These are the key concepts you need to understand to accurately answer the question.

Marginal Distribution

The concept of marginal distribution is essential in understanding the behavior of a single random variable within a joint probability distribution. To find the marginal distribution of a random variable, we sum over all possible values of the other variable. This isolates the random variable we're interested in.

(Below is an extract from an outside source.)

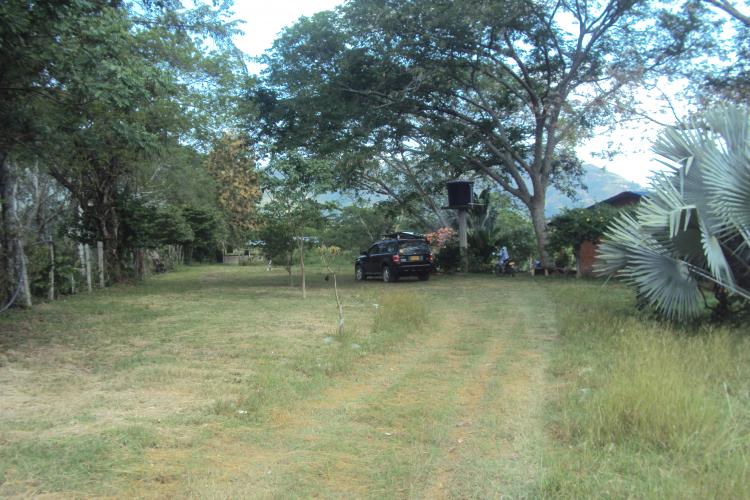 Foto Finca en Venta en chaguala afuera, coello tolima, Tolima - $ 300.000.000 - FIV155248 - BienesOnLine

For instance, consider a joint probability mass function (PMF) with variables \(X\) and \(Y\). To find the marginal distribution of \(X\), we sum the probabilities of all combinations of \(Y\) for each \(X\):

• \(P(X = -1) = \frac{1}{8}\)
• \(P(X = -0.5) = \frac{1}{4}\)
• \(P(X = 0.5) = \frac{1}{2}\)
• \(P(X = 1) = \frac{1}{8}\)

This tells us the standalone probability distribution of \(X\), which is useful in understanding how \(X\) behaves regardless of \(Y\).

Conditional Probability

Conditional probability helps us determine the likelihood of an event occurring given that another event has already occurred. It’s calculated using the formula:\[P(A | B) = \frac{P(A \cap B)}{P(B)}\]where \(P(A \cap B)\) is the probability of both events occurring, and \(P(B)\) is the probability of the given event.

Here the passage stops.